The pushbutton transmission was available in two incarnations: mechanical (pretty darned reliable) and electrical (extremely unreliable).
Packard introduced it with their 1956 Caribbean. It was the electrical one, and it had problems. If you parked on a steep hill, the shifting motor would lock up trying to get the car out of Park. It would trip a breaker, and you would be stuck. To make matters worse, when Packard’s production ceased that year, the manufacturers of the shifting mechanism destroyed the tooling. Replacement parts became impossible to obtain.
The king of the boneheaded electrical shifters was the Edsel. Not only did the shifter have lots of problems, they mounted the buttons in the middle of the steering wheel!

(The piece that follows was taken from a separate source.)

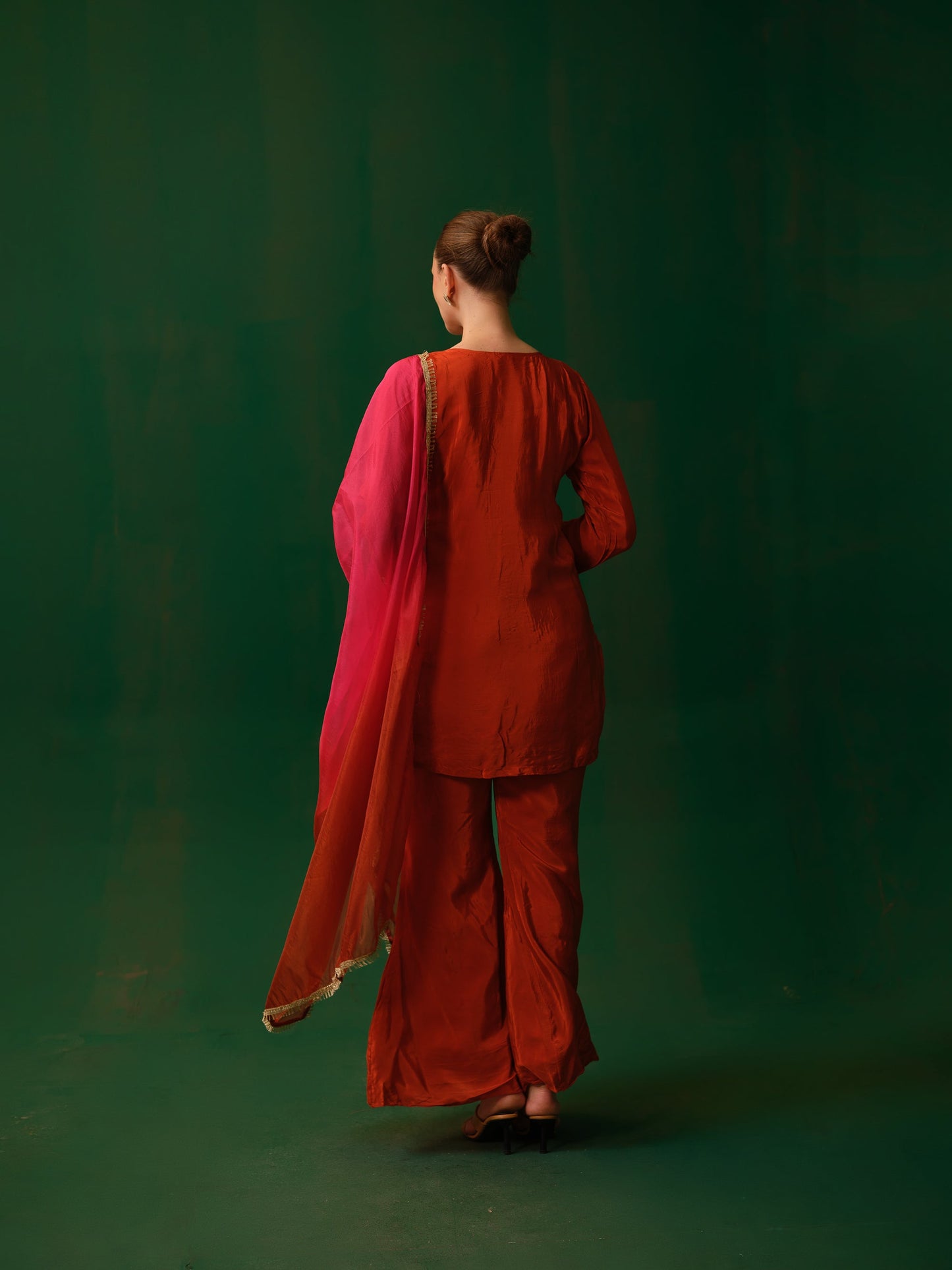 Orvaya Kurta Set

Guess what would would happen when drivers made an emergency move for the horn.
The most reliable shifters were in the Chryslers, Dodges, and Plymouths. They used mecahnical linkage to engage the various gears. In 1956, the Neutral button even started the car! You pushed it all the way in and it would engage the starter motor. A vacuum switch was supposed to disengage the motor contacts while the engine was running, but if it failed, you could grind your starter by pushing the Neutral button too hard.

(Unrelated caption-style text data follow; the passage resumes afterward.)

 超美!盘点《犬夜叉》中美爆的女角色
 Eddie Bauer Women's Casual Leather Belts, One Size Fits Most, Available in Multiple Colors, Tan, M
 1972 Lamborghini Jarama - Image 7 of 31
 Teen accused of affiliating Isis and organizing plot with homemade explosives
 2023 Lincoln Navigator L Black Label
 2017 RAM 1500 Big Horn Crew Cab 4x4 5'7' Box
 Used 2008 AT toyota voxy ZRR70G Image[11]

The pushbuttons were like the Dallas Cowboys: people either loved them or hated them. Aficionados would make sure that the cars they bought had them, building product loyalty for Chrysler Motors.
The pushbutton option never really set the world on fire, though. In 1966 or thereabouts, the government’s General Services Administration declared that any autos for government usage would have either column- or floor-mounted shifters. Chrysler dropped pushbuttons on the spot.

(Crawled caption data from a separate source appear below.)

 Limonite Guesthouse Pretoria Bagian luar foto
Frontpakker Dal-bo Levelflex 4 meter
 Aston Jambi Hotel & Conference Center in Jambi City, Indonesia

Today, pushbutton transmissions and the strange problems they would have (buttons pushed all the way into the dash assembly weren’t uncommon) are a distant memory.
I have a 1961 Dodge Polara and the. Transmission always overflows. And leaks. Is this common.
My first car was a 63 Dodge Dart with pushbutton transmission. Bought it for $35, sold it 4 years later for $200.
The transmission buttons often got pushed into the dash, which was a real menace when you were trying to rock a stuck car out of a snowbank. I finally epoxied the buttons to the metal fingers they fit into.
No transmission leaks on that car, George, but the brake line developed a chronic leak and my uncle doesn’t the weekend teaching me how to replace the brakelines.